On 10 Oct 1998, aurelio marinho jargas writes:
> remember e-mail address is case insensitive!
>
> ME@domain
> mE@domAIN
> eu@DOMAIN
> are the same person!
Even assuming the last one was supposed to be
me@DOMAIN
I think that you are technically incorrect in this. You state that
these "are the same person", but you do not provide any justification
for this statement.
RFC822 Section 6.1 clearly shows that the local-part (the part before
the @ sign in the address) must be case-preserved.
How the local-part is interpreted (case sensitively or not) by the
receiving MTA is (as far as I know) not defined, except in the case of
the Postmaster local-part, which must be accepted in any case (see
RFC822 Section 6.3). This deliberate case-insensitivity for the
Postmaster address is an exception, a special case.

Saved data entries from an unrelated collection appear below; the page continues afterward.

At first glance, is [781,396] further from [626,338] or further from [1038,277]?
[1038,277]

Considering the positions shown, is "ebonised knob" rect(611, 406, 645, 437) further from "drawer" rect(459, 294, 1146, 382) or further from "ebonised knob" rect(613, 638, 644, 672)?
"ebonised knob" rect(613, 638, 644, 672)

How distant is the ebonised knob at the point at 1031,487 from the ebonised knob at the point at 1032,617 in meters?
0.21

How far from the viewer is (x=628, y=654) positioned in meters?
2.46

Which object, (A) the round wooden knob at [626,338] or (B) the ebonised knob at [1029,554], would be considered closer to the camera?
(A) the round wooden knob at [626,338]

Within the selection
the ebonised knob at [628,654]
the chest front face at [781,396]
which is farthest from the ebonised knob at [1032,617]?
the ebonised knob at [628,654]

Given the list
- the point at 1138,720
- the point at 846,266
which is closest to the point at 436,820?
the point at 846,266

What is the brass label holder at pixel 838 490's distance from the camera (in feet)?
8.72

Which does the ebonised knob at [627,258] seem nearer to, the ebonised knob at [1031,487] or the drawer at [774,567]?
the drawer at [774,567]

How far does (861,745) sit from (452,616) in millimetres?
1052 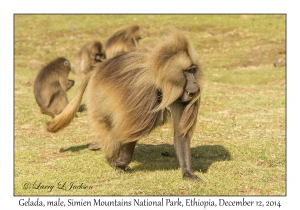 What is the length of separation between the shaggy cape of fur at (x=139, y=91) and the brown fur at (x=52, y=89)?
407cm

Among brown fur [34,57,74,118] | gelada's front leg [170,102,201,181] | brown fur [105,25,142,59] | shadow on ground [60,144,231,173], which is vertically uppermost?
brown fur [105,25,142,59]

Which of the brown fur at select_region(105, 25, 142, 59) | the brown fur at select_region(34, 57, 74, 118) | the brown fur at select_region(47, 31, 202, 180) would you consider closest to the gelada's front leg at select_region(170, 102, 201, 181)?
the brown fur at select_region(47, 31, 202, 180)

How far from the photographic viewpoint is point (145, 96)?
5820mm

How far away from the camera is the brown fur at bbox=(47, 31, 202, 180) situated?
5590 millimetres

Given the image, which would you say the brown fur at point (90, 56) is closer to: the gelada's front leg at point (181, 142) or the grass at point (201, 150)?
the grass at point (201, 150)

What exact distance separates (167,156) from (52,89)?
4208 mm

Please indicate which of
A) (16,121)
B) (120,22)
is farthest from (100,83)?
(120,22)

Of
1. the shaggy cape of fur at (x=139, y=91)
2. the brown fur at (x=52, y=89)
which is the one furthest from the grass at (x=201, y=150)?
the shaggy cape of fur at (x=139, y=91)

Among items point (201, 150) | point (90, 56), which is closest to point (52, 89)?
point (90, 56)

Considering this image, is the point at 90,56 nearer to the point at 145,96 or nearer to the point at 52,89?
the point at 52,89

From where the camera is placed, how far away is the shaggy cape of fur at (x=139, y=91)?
5.59 metres

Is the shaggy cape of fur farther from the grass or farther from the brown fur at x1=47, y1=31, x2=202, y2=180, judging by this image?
the grass

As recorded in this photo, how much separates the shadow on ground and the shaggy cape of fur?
2.51 ft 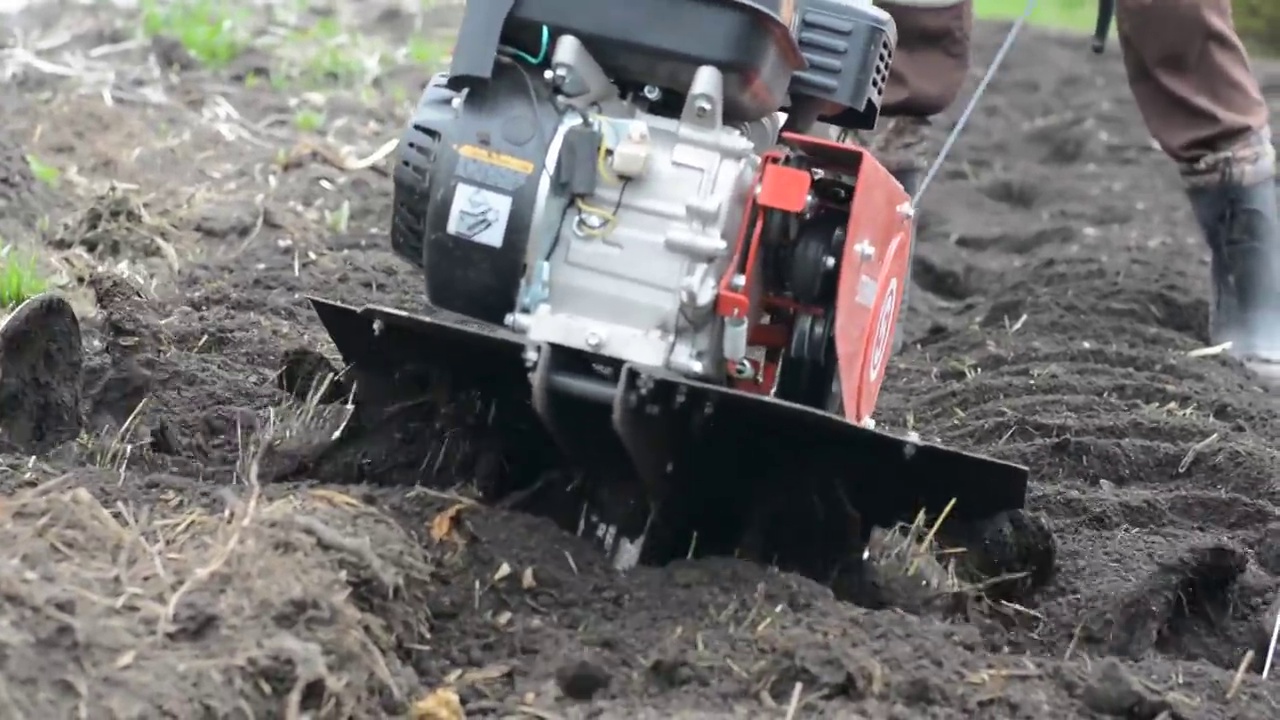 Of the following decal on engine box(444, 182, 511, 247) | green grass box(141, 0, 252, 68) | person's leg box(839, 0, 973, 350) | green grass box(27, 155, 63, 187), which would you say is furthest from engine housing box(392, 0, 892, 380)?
green grass box(141, 0, 252, 68)

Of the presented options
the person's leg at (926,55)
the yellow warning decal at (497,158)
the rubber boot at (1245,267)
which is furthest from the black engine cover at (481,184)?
the rubber boot at (1245,267)

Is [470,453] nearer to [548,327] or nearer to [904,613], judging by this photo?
[548,327]

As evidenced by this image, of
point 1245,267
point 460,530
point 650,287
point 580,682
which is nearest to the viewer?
point 580,682

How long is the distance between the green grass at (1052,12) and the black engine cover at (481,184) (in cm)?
872

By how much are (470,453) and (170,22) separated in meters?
5.00

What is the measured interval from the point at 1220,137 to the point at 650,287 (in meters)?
2.05

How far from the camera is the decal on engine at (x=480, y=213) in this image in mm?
2348

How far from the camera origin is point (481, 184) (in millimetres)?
2352

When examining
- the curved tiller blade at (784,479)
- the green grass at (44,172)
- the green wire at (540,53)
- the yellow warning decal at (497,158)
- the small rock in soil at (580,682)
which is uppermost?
the green wire at (540,53)

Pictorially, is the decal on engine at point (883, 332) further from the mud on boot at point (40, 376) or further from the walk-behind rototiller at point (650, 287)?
the mud on boot at point (40, 376)

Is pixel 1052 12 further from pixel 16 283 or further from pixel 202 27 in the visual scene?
pixel 16 283

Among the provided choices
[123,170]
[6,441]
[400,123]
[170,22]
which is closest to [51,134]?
[123,170]

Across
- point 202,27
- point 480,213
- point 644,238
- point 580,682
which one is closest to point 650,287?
point 644,238

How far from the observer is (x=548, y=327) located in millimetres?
2344
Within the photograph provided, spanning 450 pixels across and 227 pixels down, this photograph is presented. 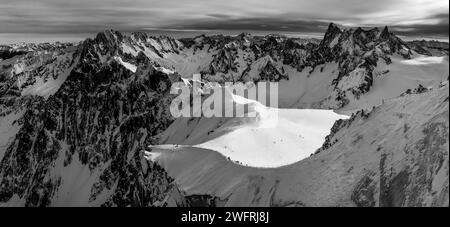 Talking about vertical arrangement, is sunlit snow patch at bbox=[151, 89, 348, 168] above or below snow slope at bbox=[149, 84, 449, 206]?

Therefore, I believe that case insensitivity is NOT officially
standard for the local part of all email addresses. Case
*preservation* is specified during transport, and how the local-part
is mapped to mailboxes is not specified by the RFC, and so is
implementation-dependent.
I would agree that the inconsistent behaviour your system is
displaying is problematic; I don't think this is necessarily the fault
of Linuxconf, though.
If you require case-sensitive local-part mail delivery, (which is a
somewhat unusual requirement) you need to take care to configure
sendmail and its delivery agents appropriately.
Perhaps in your circumstances you could instead look into making
sendmail (and/or its delivery agent) not case-smash the local-part?
My own RH 5.1/Linuxconf box shows
Mlocal, P=/usr/bin/procmail, F=lsDFMAw5:/|@qSPfhn9, S=10/30, R=20/40,
T=DNS/RFC822/X-Unix,
A=procmail -Y -a $h -d $u
This appears to me to omit the 'u' flag, which means 'leave the case
of the username alone'. So sendmail is smashing the case of the
username before handing it to procmail in the $u variable (because
that is how it was configured).
If your sendmail.cf is similar to this, I suggest you add the u flag,
and see if procmail then delivers mail to ME@... and me@... to the two
distinct users ME and me. If not, most likely procmail is doing the
case-smashing itself, and its documentation and source would need to
be checked for how to change that. if that works, maybe the mailconf
module could add a switch for case smashing of the local-part during
delivery and set or not set the 'u' flag accordingly.
Or, if you can live without procmail filtering, switch to mail.local
for your local delivery agent (as supplied with sendmail 8.9.1), which
I am fairly sure does not do any case-smashing.
Hoping this gets you closer to email delivery to those two separate
individuals called ME and mE <grin>!